### What the task asks
Find the word "look" in the listing below. Copy every line that has it.

### The data
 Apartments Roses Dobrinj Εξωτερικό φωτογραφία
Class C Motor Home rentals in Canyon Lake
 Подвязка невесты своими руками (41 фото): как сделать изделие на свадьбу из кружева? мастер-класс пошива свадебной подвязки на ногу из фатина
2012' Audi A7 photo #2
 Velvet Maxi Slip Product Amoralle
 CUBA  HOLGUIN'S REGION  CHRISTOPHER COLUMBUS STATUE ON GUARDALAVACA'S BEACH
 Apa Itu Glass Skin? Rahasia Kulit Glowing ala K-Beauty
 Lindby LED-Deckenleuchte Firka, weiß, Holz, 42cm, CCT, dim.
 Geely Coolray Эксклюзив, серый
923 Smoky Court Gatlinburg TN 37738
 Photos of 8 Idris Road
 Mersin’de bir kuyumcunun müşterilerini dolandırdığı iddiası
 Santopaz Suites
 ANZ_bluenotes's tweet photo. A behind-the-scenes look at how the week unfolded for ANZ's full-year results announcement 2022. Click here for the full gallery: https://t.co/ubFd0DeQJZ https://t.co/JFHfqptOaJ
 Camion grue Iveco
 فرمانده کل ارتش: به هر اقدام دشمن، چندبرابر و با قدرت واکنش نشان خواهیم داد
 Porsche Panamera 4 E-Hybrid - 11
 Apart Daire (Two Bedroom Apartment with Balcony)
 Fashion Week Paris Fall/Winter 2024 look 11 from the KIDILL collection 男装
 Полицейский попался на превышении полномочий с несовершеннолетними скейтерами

### Solution below
 ANZ_bluenotes's tweet photo. A behind-the-scenes look at how the week unfolded for ANZ's full-year results announcement 2022. Click here for the full gallery: https://t.co/ubFd0DeQJZ https://t.co/JFHfqptOaJ
 Fashion Week Paris Fall/Winter 2024 look 11 from the KIDILL collection 男装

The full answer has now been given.